## Work required
Write out only the lines from the line containing "Changing windshield wipers DIY car repairs" to the end of the listing below, both included, exactly as they stand. Drop the pictures.
─── Provided data
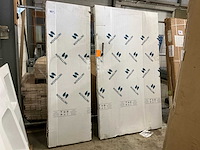 Novellini douchewand (2x) - afbeelding 1 van  3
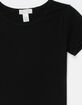 FULL TILT Essentials Girls Baby Tee image number 2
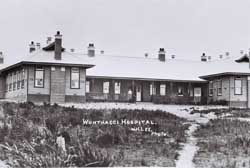 Wonthaggi Hospital      HAW-737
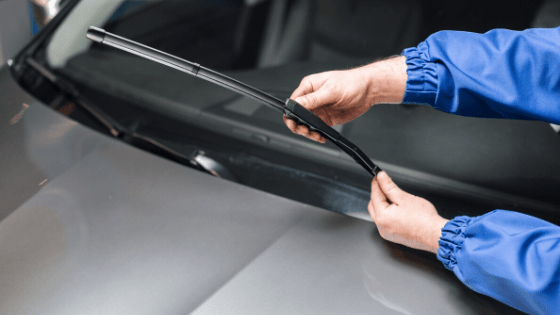 Changing windshield wipers DIY car repairs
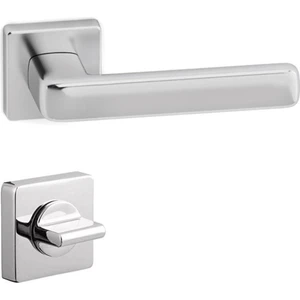 Gamma Krom - Wc Rozetli Kapı Kolu - Hha195Ro11W Cr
──────
## Solution to this task
 Changing windshield wipers DIY car repairs
 Gamma Krom - Wc Rozetli Kapı Kolu - Hha195Ro11W Cr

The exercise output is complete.